With the aim of helping reporters and others understand the latest internet infrastructure issues, I’m working with fellow public interest technologists — people involved in the process of setting the protocol standards for the internet — to release a monthly newsletter. Our hope is to help the public and policymakers understand how the internet might be governed.
The ways in which people experience the internet, and the accompanying civil and human rights concerns, are fundamentally informed by its core infrastructure. However, the internet’s ongoing development, implementation, and maintenance remain practically invisible to the broader public.
Instead, debates about these technical problems take place within a narrow and complex landscape of internet standards development organizations that convene experts in the public interest.
Understanding the issues that arise in these conversations — such as net neutrality and the architecture tradeoffs between user privacy and network security — can help provide a fuller picture of technology’s role in societies around the world.
We’re calling the newsletter I*: Navigating Internet Governance and Standards.
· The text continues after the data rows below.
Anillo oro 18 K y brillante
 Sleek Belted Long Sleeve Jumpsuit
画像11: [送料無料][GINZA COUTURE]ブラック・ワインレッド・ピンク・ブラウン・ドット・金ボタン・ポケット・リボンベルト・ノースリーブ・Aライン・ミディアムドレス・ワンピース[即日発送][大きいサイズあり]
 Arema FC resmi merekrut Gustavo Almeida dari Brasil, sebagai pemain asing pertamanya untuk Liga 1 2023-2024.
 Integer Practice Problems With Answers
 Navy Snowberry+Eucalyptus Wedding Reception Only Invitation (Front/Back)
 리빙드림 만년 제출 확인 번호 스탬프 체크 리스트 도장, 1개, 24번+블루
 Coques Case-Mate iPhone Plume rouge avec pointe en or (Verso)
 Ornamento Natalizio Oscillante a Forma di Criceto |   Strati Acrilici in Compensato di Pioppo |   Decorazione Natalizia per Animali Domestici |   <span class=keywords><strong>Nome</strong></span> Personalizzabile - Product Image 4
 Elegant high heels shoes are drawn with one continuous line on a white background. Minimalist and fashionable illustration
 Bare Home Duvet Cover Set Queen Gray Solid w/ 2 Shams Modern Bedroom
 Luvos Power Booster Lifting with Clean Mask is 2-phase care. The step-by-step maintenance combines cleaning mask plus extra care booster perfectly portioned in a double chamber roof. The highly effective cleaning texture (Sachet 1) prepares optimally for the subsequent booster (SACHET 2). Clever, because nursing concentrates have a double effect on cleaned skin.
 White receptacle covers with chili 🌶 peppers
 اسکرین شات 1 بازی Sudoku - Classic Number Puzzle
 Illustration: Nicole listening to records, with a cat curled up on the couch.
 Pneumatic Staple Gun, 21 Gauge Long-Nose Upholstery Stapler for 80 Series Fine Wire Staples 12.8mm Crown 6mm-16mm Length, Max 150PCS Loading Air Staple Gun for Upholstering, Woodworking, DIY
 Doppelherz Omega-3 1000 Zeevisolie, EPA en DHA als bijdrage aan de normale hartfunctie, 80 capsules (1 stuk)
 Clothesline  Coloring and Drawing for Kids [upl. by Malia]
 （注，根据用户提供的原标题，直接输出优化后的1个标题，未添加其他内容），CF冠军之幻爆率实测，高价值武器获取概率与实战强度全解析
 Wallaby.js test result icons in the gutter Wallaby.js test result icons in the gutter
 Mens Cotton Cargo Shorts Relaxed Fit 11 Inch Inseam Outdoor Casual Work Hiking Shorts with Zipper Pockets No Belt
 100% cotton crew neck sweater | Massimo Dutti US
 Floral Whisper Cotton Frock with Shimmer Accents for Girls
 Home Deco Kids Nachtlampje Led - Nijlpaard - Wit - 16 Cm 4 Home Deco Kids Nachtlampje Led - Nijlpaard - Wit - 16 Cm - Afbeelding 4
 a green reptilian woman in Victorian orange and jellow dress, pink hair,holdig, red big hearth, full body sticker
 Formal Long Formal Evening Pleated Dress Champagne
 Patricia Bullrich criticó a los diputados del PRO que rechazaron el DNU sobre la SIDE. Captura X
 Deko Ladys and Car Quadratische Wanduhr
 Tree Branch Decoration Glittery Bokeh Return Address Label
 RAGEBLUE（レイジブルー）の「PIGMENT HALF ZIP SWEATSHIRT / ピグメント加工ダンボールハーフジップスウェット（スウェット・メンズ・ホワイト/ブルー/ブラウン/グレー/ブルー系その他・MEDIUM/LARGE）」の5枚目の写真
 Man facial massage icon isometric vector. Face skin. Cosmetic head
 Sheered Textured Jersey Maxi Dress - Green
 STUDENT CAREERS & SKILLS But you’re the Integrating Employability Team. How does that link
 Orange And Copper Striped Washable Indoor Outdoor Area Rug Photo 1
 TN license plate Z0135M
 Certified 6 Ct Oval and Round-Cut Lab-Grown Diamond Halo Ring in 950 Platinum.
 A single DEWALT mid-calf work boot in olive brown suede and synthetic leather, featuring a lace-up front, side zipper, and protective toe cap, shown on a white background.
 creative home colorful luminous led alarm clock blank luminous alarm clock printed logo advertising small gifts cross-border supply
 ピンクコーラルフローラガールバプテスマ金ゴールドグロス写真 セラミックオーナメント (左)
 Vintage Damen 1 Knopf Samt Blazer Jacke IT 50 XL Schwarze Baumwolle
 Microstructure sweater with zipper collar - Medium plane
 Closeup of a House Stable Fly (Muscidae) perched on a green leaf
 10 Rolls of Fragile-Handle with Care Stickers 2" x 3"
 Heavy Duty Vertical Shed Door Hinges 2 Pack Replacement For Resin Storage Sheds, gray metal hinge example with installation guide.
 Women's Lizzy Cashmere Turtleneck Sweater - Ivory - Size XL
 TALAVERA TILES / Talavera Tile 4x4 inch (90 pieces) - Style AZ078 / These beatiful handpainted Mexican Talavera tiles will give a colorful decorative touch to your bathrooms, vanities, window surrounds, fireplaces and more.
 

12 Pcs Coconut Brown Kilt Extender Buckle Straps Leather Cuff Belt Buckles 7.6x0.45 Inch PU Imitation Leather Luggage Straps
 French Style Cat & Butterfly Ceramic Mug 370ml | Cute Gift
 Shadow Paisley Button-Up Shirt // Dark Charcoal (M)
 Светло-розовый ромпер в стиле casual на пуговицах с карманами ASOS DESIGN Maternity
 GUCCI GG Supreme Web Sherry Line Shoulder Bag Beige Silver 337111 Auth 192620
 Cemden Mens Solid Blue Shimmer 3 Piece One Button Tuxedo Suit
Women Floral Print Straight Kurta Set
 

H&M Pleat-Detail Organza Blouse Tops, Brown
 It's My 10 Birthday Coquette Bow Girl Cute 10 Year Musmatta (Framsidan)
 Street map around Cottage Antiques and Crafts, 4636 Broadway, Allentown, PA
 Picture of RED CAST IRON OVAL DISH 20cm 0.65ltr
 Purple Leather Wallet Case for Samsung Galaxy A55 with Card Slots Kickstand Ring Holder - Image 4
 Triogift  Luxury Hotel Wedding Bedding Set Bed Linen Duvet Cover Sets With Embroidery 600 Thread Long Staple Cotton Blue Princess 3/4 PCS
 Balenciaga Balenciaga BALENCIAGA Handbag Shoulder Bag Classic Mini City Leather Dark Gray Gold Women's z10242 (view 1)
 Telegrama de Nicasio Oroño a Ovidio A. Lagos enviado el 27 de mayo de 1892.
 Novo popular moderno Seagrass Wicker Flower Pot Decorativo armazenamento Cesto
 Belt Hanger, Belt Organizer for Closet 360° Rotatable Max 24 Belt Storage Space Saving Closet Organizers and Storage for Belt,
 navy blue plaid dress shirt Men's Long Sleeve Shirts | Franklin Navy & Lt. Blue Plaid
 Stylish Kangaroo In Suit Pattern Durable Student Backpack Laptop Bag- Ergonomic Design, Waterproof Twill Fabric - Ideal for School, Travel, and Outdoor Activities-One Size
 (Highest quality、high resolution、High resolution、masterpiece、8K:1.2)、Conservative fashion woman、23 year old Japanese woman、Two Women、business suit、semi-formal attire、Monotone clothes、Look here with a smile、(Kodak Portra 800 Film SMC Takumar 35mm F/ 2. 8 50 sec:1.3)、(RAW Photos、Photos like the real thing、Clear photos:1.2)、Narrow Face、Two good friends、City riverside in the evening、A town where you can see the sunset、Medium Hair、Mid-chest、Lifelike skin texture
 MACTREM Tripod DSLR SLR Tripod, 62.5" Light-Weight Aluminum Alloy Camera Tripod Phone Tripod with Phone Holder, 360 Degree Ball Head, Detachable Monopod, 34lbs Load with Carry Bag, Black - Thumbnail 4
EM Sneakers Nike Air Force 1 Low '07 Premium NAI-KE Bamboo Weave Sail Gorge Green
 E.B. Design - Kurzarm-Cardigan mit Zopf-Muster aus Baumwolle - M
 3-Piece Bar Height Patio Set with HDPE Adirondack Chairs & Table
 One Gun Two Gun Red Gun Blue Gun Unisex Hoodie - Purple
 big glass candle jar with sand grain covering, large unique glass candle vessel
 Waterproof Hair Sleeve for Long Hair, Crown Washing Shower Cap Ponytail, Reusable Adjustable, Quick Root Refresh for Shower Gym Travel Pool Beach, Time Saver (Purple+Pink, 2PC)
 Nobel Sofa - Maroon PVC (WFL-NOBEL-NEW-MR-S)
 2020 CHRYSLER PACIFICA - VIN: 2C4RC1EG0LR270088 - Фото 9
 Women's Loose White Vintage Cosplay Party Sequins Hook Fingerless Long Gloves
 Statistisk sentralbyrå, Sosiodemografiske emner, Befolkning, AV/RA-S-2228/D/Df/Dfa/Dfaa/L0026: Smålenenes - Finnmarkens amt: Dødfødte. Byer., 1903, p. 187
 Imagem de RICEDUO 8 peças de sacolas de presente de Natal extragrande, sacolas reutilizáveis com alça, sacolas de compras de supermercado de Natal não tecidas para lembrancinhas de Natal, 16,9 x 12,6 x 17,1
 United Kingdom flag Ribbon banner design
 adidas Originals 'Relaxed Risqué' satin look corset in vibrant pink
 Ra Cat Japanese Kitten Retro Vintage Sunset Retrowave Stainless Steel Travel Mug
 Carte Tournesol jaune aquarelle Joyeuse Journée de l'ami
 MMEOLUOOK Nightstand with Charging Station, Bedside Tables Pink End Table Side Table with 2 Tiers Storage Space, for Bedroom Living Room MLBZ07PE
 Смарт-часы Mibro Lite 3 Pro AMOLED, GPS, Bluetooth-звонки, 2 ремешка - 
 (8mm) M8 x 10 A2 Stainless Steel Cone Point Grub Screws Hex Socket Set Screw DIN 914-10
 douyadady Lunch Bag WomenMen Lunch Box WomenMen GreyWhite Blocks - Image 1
It will highlight emerging issues and clearly explain their technical underpinnings for a non-technical audience.
It will also provide brief and clear expert insight into trusted and curated source material, focusing on the current privacy and free expression controversies within several “I-star” standards-setting organizations — namely, the Internet Corporation for Assigned Names and Numbers (ICANN), the Internet Engineering Task Force (IETF), the Institute of Electrical and Electronics Engineers (IEEE), and the International Telecommunication Union (ITU).
From the systems that determine routes for sending and receiving data across the internet and the new internet protocols containing “killswitches” that could have dramatic implications for free expression, to the rollout of end-to-end encryption for messaging services and the antitrust implications of placement in search results, public interest technology issues have an impact on every user of the internet around the world.
CDT has a long history in the internet governance arena. In 2000, we started the Internet Standards, Technology & Policy Project with the goals of driving public interest involvement in key internet standards-setting bodies, and making technical resources available to policymakers and advocates. Since then, we have continuously engaged in internet standards debates over issues like the IANA transition and privacy safeguards for location information.
We look forward to sharing with you the things technologists working in the public interest are thinking about, and why they’re important!